The second key goal was we wanted to ring the alarm bell somewhat. We’ve been enjoying a lot of efficiency gains over the last decade in data centers which we can talk about more, but really those efficiency gains can’t last forever because demand for data center services is poised to grow rapidly. It has been growing rapidly and it’ll continue to go rapidly with the emergence of some key trends like artificial intelligence or 5G or edge computing. And then the third motivation was really, there aren’t enough of us, frankly, in the research community who study data center energy use, who published numbers and we wanted to motivate more research with this paper. So, we released all of our datasets, our entire model, we’re opening it up for critique because we want more people to be working on this issue because we need to get a better handle on where energy use is going moving forward. And there just aren’t enough analysts out there who specialize in data centers.
Raymond: Eric, in the paper you guys talk about…so, first of all, love the idea of it being open, love the idea of having other smart guys look at smart guys’ work and check, I think we all get better iron sharpening iron. So, I think that’s a great move and you know, it makes me think of open-source computing, right? Let’s have all the best minds look at it and let’s make sure that we’re thinking about this the right way because I think it’s an important question, right, digitization continues to increase. So, this question isn’t going away, right? People aren’t going to put away their smartphones and be happy to go back to their flip phones or not be connected at all, right? So, the digitization of the world is underway and probably not reversible. So, how do we manage these resources in a way that are smart, wise, and good for the planet? And you talk in the paper about the proliferations sort of beginning in 2010 and the growth of data centers, footprints growing, I think you mentioned the paper four or five, maybe even sixfold, but that although the volume of compute resources is going up, that it’s not a perfect straight line correlation of energy use going up and some of the reasons why. Could you dig into a little of that because I think that’s important? Yes, there’s more compute cycles being used, but the energy cycle isn’t matching at one for one and the why behind that.
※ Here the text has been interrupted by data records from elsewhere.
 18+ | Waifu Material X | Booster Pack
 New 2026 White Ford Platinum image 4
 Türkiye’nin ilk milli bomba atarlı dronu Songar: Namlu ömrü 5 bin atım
Dr. Masanet: Yeah. No, you’re exactly right. Demand for compute instances or data center services has gone up sixfold, at least sixfold but the energy use associated with providing that level of compute haven’t risen nearly as fast. In fact, we found that that the energy trend isn’t quite flat, but it’s pretty close to flat. So, in the paper, we put down some numbers, compute instances have grown by over sixfold over the period 2010 to 2018, and over that same time period, energy use we think only rose by about 6%. That shows that there’s this enormous efficiency effects, meaning the data center industry is getting better and better at providing core services with very little additional energy. And we found that there are really three major reasons for this trend. The first is that the IT devices that are, you know, the workhorses of the data center, servers, storage devices, network switches, those devices have gotten a lot more efficient. And we see this in our everyday lives, right? Our cell phones can last a lot longer on a charge than they used to 10 years ago and we get a lot more service. It’s just a general trend due to technological advances and processing technologies, memory technology, storage technologies. So, that’s one explanatory factor that’s quite large. We just have much more efficient IT equipment now than we had 10 years ago.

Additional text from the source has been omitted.